The hardest part was cutting the one board that went over the threshold of the door. It wouldn’t sit flat on the threshold because the metal threshold is angled. So placing the board on top created a lip that would have been a tripping hazard. So I had to get creative with my table saw and cut away the bottom of the board at an angle to fit properly over the angled metal threshold. It wasn’t easy, and it took me several tries to get it to fit properly…
…but I finally got it. I was so proud of how it fit! There’s still about a 1-inch space between the wood and the black rubber weather strip under the door, but it’s not a tripping hazard at all. You’d have to work hard to get the toe of your show between that black rubber strip and the edge of that wood board.
Because I stained/sealed the boards on the bottom, sides, and ends before installing them, I had made a mess of the tops of the boards. So before staining/sealing them, I had to sand them down and get all of that messy stain/sealer off of them. I would have sanded them even if I hadn’t made that mess because I wanted these boards to be really smooth. I also filled the screw holes with wood filler and let that dry before sanding.
The wood filling and the sanding are two steps I wouldn’t have done on a back yard deck. But this is my front porch. This is the first part of my house that visitors will see close up, and I wanted it to be a step up from a back yard deck, so I did the wood filling and the sanding. I just used my rotary sander and 150-grit sanding discs. Here’s how it looked with the whole thing sanded.
And while I love the natural wood color, it just wasn’t quite my style. I wanted darker and richer, so I sealed it with Thompson’s Penetrating Timber Oil in semi-transparent Mahogany. I brushed on two rows at a time, brushing the entire width of the porch, and then went back and wiped off any excess sealer. Then I moved on to the next two rows. You can see the color difference here…
And here’s the whole thing with one coat of sealer…
I’m undecided on whether or not I’ll do another coat. I keep reading different things about that. On the can, it says one coat is recommended. But in the Q & A section on the Home Depot website, more than one person said that they called the company and were told that if you do two coats (about two days apart), it will last about three years. So I might call the company myself and see what they say about that.

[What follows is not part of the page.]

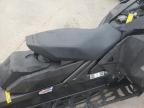 2024 SKIDOO MXZ for sale at Copart ME - WINDHAM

Since I used cedar, and cedar is soooo dry, I really would like to do a second coat unless they tell me not to.
And finally, I sanded, wood filled, and painted the fascia board, and then I added some trim to cover the cut edges of the floor boards that I had to rip to fit right up against the house (i.e., under the windows, to the right and left of the door, etc.).
One thing I forgot to mention, and didn’t get a picture of, is that when I installed the porch boards, I didn’t cut the boards on this end before installing them. So when I installed them, they were all varying lengths. After they were all installed, and before I did the sanding, I measured and marked a straight line and then cut all of the boards at once with my circular saw. That gave me a perfectly straight edge on this end of the porch.
I’m so proud of how this turned out. It adds so much warmth and character to the front of the house.
And I think it’ll look so nice once I get the columns wrapped, trimmed, and painted the white trim color. And of course, I still need to paint that trim that was installed last week as well.
So this porch is coming right along! But there’s still quite a bit left to do before I can call it finished.
Those concrete steps will soon be replaced with new, wider wood steps to match the porch. As I mentioned, I need to wrap, trim, and paint the columns. And then I still need to install the tongue-and-groove boards on the porch ceiling. But now that the floor is finished, I’m feeling very motivated to continue and get the rest of it done!